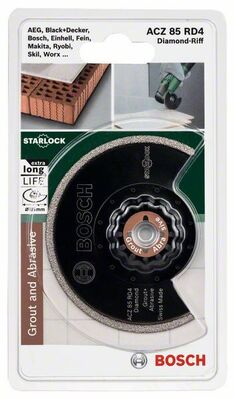 Bosch Power Tools Segmentsägeb.Starloc ACZ 85 RD4, 85mm 2609256972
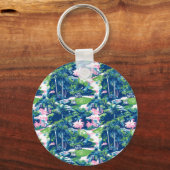 Golfwagentje met Preppy-golfprint Sleutelhanger (Achterkant)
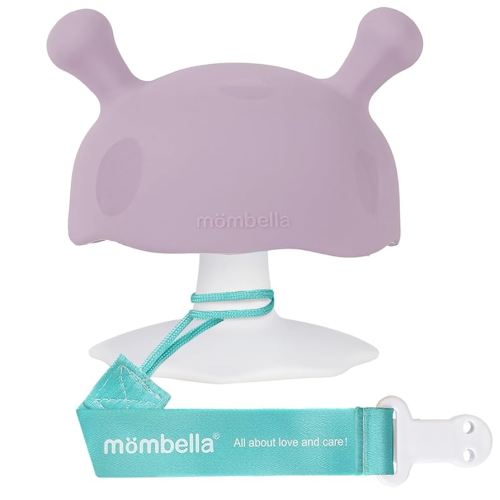 Baby Teething Toys for 3-12 Months+,Silicone Mombella Baby Teether,Soft & Easy to Grasp for Teething Relief,Safe & Comfortable Teether Toys for Sucking Needs,BPA Free (Pale Lavender)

____________

### REQUIRED WORK
Only the pictures are to be dropped; the rest of the material above must be duplicated exactly.

### ANSWER
 Bosch Power Tools Segmentsägeb.Starloc ACZ 85 RD4, 85mm 2609256972
 Golfwagentje met Preppy-golfprint Sleutelhanger (Achterkant)
 Baby Teething Toys for 3-12 Months+,Silicone Mombella Baby Teether,Soft & Easy to Grasp for Teething Relief,Safe & Comfortable Teether Toys for Sucking Needs,BPA Free (Pale Lavender)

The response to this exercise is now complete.